- **Exercise**
For every entry below, give it back exactly and leave out any image.
☆ ☆ ☆ ☆
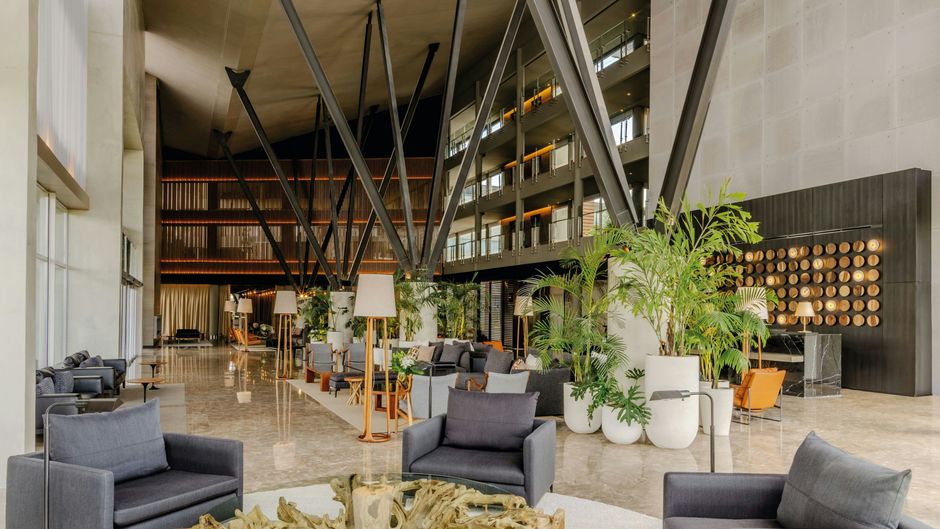 Sheraton Greenville Polo & Resort Lobby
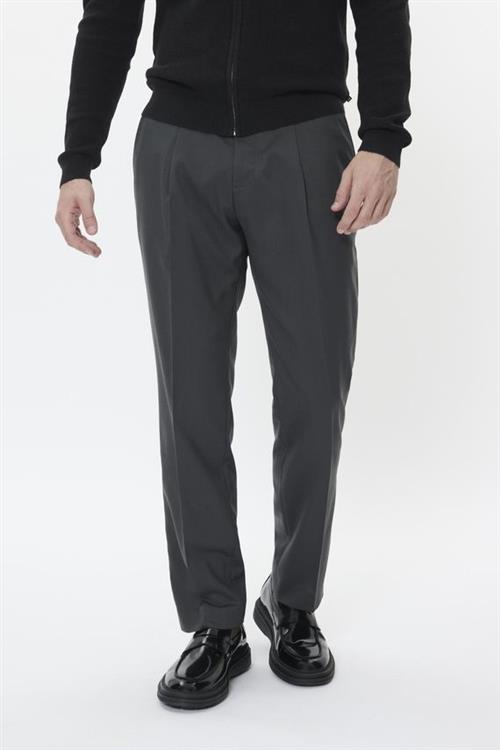 MAweller Pleat Pant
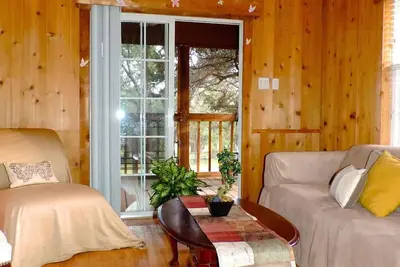 Image de cabane en bois moderne sur 30 acres mini-station / ranch (Voir # 67819) près de Boerne
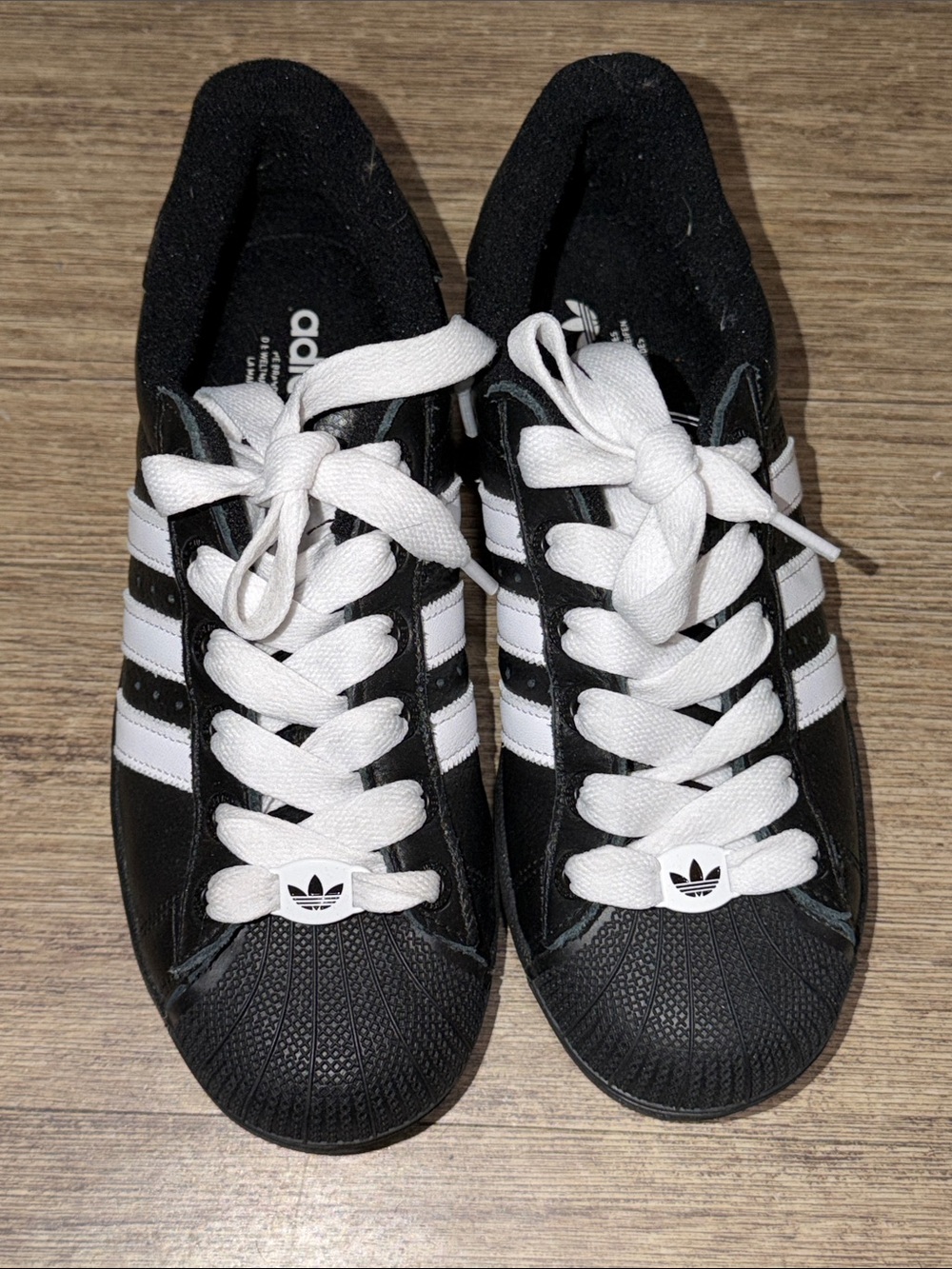 Women size 8 adidas Black and White Three-Stripe Shell-Toe Sneakers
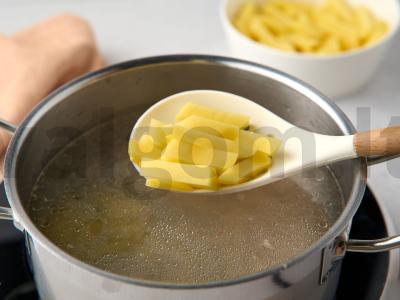 Špinatų sriuba su kiaušiniu Žingsnis 4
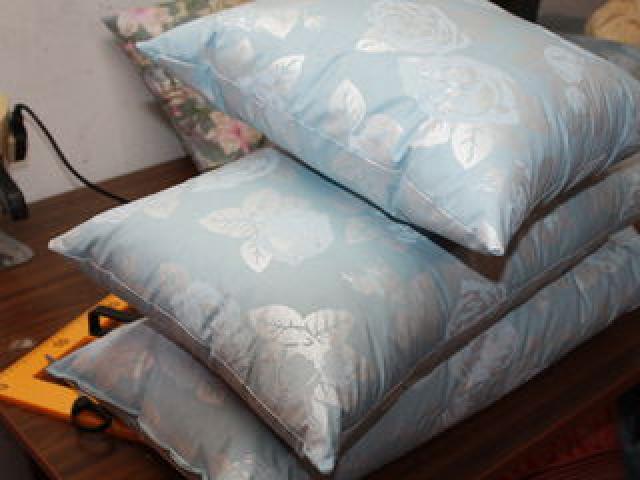 Чистка и реставрация подушек от компании Sanitar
☆ ☆ ☆ ☆
- **Exercise solution**
 Sheraton Greenville Polo & Resort Lobby
 MAweller Pleat Pant
 Image de cabane en bois moderne sur 30 acres mini-station / ranch (Voir # 67819) près de Boerne
 Women size 8 adidas Black and White Three-Stripe Shell-Toe Sneakers
 Špinatų sriuba su kiaušiniu Žingsnis 4
 Чистка и реставрация подушек от компании Sanitar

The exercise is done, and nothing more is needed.